Como el reposo del guerrero llega inesperadamente, Pamela decidió reciclarse en la actividad política y volcó sus esfuerzos a la causa del partido Demócrata. Un talento organizador sin par como fund raiser y su amplia red de vinculaciones sociales le permitieron contribuir económicamente a las campañas de varios legisladores, y finalmente a la batalla por la presidencia en 1992 de Bill Clinton, a cuya causa insufló más de $us 12 millones.

Reina del partido, una vez consolidada la victoria, Clinton ya electo, la nombró en 1993 embajadora en París. Con espacio de pocas semanas presentamos uno y otro credenciales al presidente François Mitterrand, y esa vecindad protocolar me permitió cultivar un cercano contacto con Pamela, que a sus 73 años seguía luciendo su pelirroja belleza reposada, pero elegante.

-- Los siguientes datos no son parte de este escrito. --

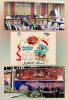 برنامه های مختلف به مناسبت اربعین و هفته دفاع مقدس در دانشگاه تبریز برگزار شد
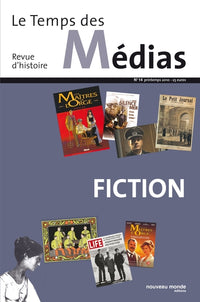 Le temps des médias, n° 14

La llegada al Palacio del Elíseo de Jacques Chirac, abrió frecuentes ocasiones para nutrir nuestra amistad en jugosas complicidades diplomáticas. En efecto, después de Washington, fue Bolivia el primer país latinoamericano que Chirac visitó oficialmente, a bordo de dos airbuses, con una comitiva de 300 personas.

Se decía que Pamela trasladó a la embajada parisina 20 obras maestras de su pinacoteca personal que la adornó con majestuosa suntuosidad. En verdad, las veces que tomamos el five o´clock tea en el saloncito celeste, tan sólo percibí los paisajes de Arles, de Van Gogh, algún Cézanne y los excelsos garabatos de Picasso.

La última vez que alterné con Pamela fue en el almuerzo primaveral,  que en mayo de 1996 ofreció, en su Moulin campestre, doña Beatriz Patiño, la viuda de Antenor, que tuvo la amabilidad de acomodarnos en su mesa de honor. Pamela lucía un traje celeste como sus ojos que se cerraron para siempre el 5 de febrero de 1997, mientras zambullía en sus cotidianas brazadas matinales en la piscina del Hotel Ritz de la Place Vendome. Sus restos fueron trasladados a Washington con honores de heroína nacional en el avión presidencial Air Force One, y recibidos por un contrito Bill Clinton.

Todos estos recuerdos vienen a cuento al releer su biografía (no autorizada) Life of the Party, editada por Christopher Ogden, en 1994.